Moritz Stefaner is a freelance designer in Europe creating some beautiful and data-rich visualizations. I came across his Notabilia project yesterday, after following a lead from someone at The Leonardo.
It maps the collective editing process for Wikipedia articles up for deletion. Right-leaning red segments are votes to delete; left-leaning green ones are votes to keep. The shape of each branch is an excellent mapping of the shape of the discussion. And the collection of 100 branches makes a lively, energetic whole that begs to be explored.
Projects like this excite me about the power of information design to bring things to light that aren’t easily discernible any other way.
“Things change. Now what?”
That’s the tagline for a new website examining statistical indicators of how life in the U.S. has changed over the last few decades: startlingstats.com. Threestory Studio created all the graphics and designed the site. The aim of the site is to wake people up and promote dialogue about life “as we know it”. I use quotes there because who is “we” and what do “we” really know are all part of the debate. I hope you’ll take a look at the site and leave a comment or two.
I’ve had my head down lately, working hard on a number of projects, so I haven’t done much posting to the blog, but this put a smile on my face so I knew I had to share it.
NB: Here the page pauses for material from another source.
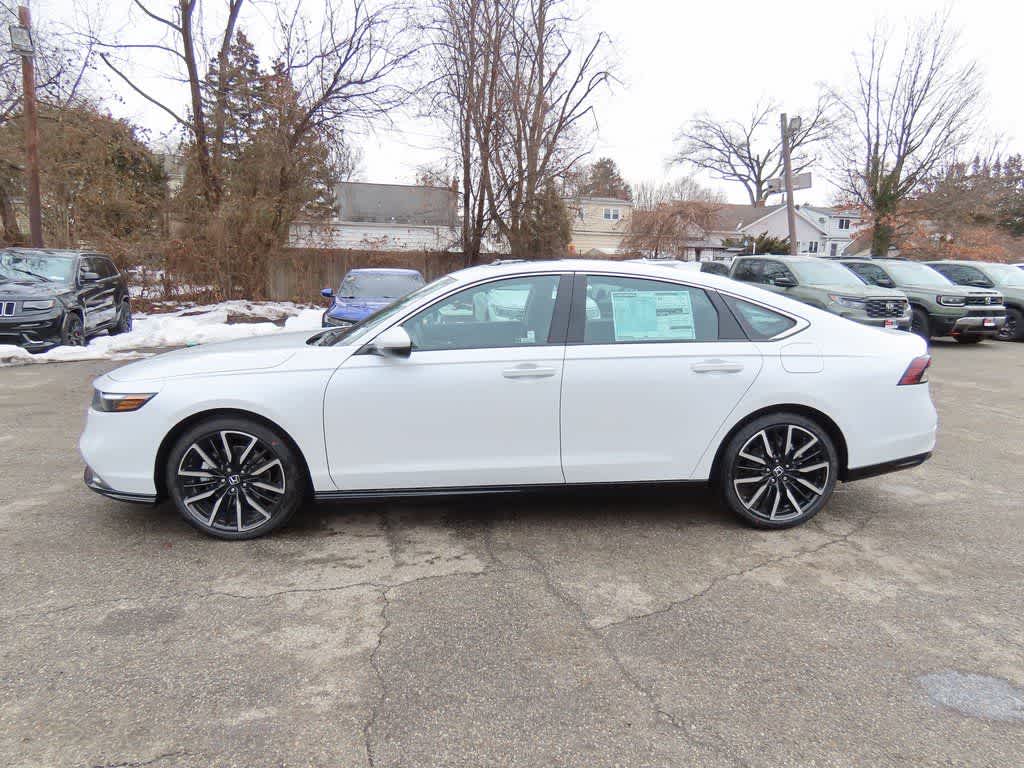2026 Honda Accord Hybrid Touring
Alexander Chen, Creative Director at Google Creative Lab, put this together back in 2011, but I just discovered it today. It’s an interactive visualization of the Prelude from Bach’s Cello Suite No. 1 – one of my favorite pieces of music.
Here’s a video of it. You can also play with the interactive version and tangle yourself up in the strings a little.
Thanks to Jon Schwabisch for mentioning Alexander’s site and making me smile.
Thanks to my watchful nephew Christopher P. for pointing me back to my Alma Mater to see this nice interactive visualization linking college majors to career choices.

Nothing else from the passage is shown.